The task ->
Print every entry word for word, but omit the pictures.
*** Records for processing ***
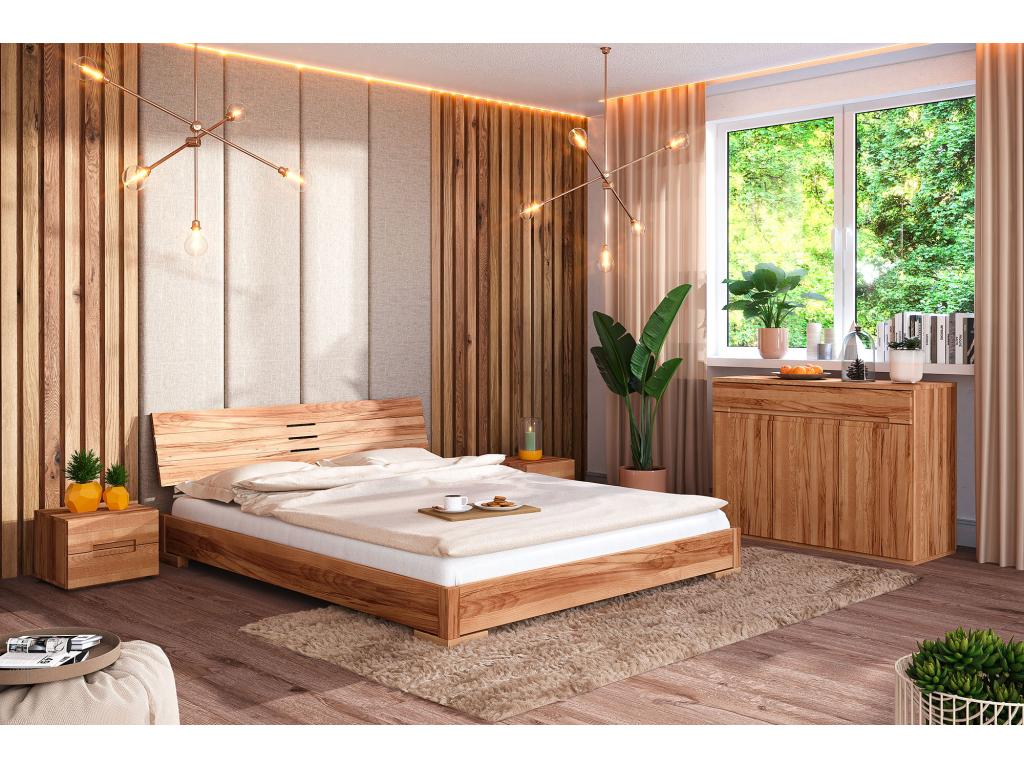 Vento - Low bed with headboard in natural oiled beech heartwood 100x200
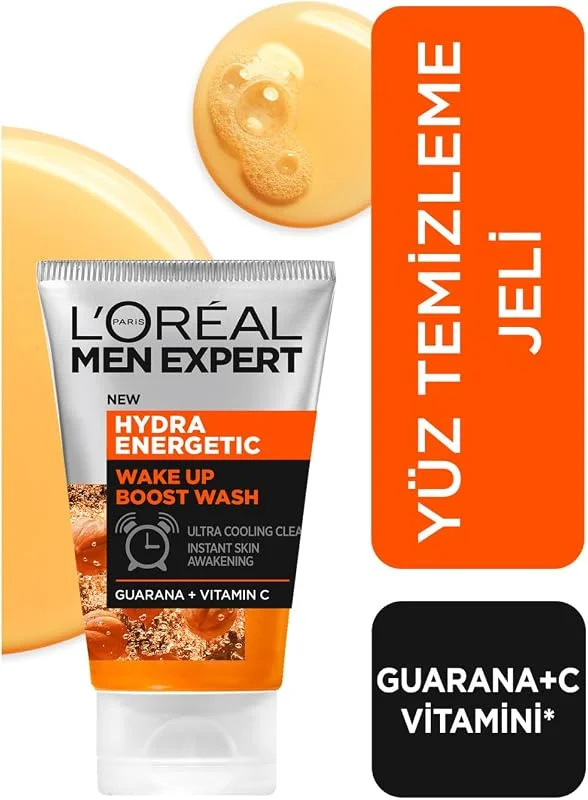 L'Oreal Paris Men Expert Hydra Energetic Wake Up Boost Yüz Temizleme Jeli 100 ml — Cilt bakımı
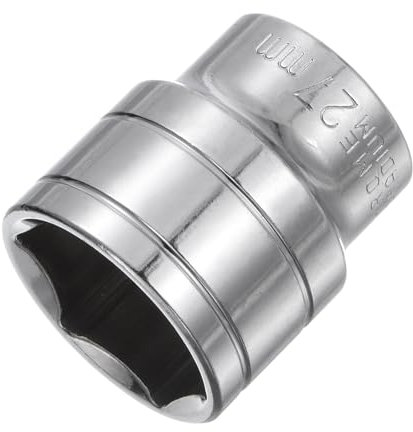 sourcing map 6-Point Shallow Socket, 1/2 Drive 27mm High Carbon Steel with Chrome Plated Metric Socket for DIY Hand-Making Repair Automotive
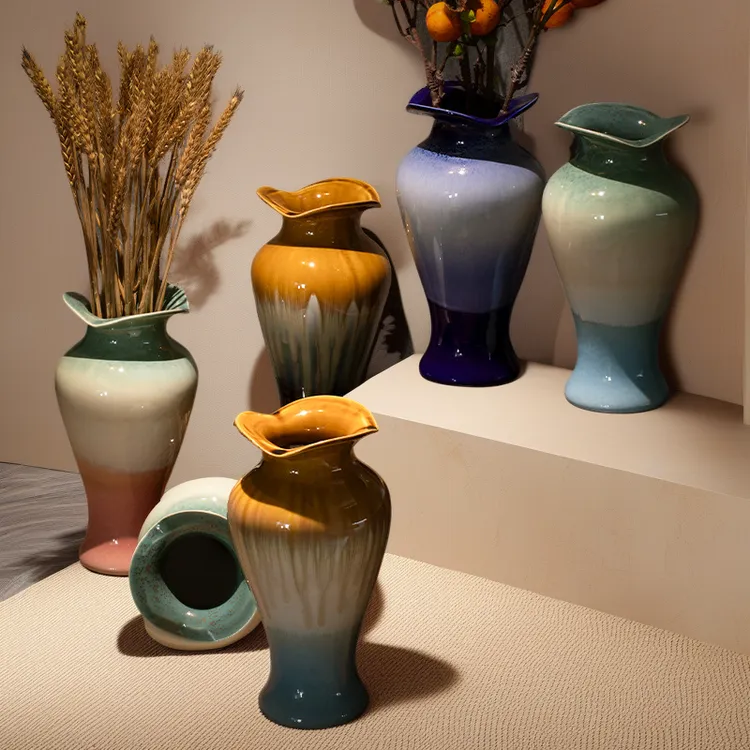 景德镇复古新中式窑变渐变色陶瓷花器花瓶用于客厅民宿玄关插花装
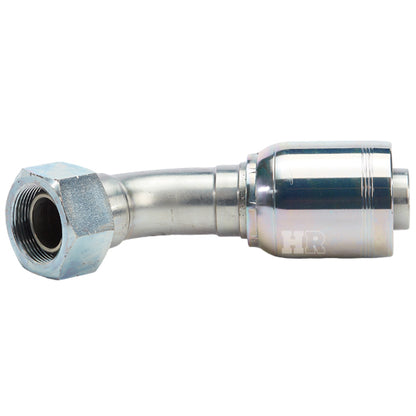 1 1/2" Female British Standard Parallel Pipe O-Ring Swivel 45° Elbow Hydraulic Fitting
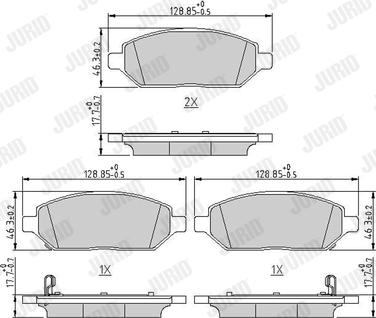 Jurid 573805J - Комплект спирачно феродо, дискови спирачки vvparts.bg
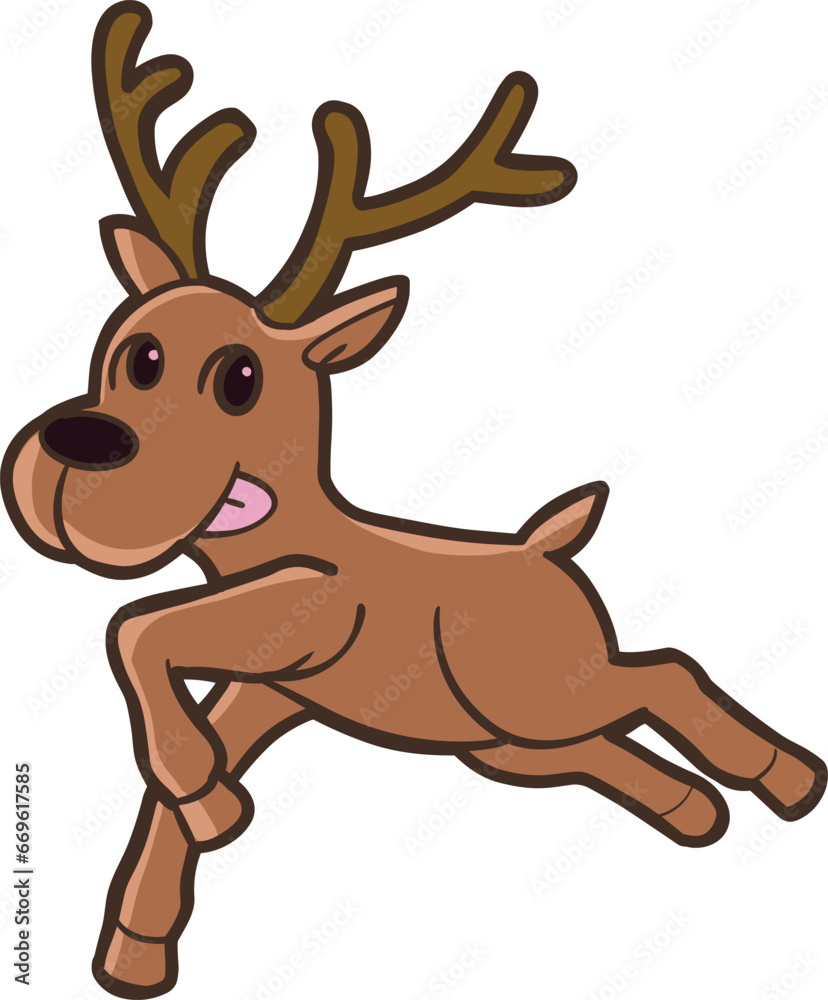 Dinosaur and reindeer merry christmas with gift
*** End of Records for processing ***
Exercise output ->
 Vento - Low bed with headboard in natural oiled beech heartwood 100x200
 L'Oreal Paris Men Expert Hydra Energetic Wake Up Boost Yüz Temizleme Jeli 100 ml — Cilt bakımı
 sourcing map 6-Point Shallow Socket, 1/2 Drive 27mm High Carbon Steel with Chrome Plated Metric Socket for DIY Hand-Making Repair Automotive
 景德镇复古新中式窑变渐变色陶瓷花器花瓶用于客厅民宿玄关插花装
 1 1/2" Female British Standard Parallel Pipe O-Ring Swivel 45° Elbow Hydraulic Fitting
 Jurid 573805J - Комплект спирачно феродо, дискови спирачки vvparts.bg
 Dinosaur and reindeer merry christmas with gift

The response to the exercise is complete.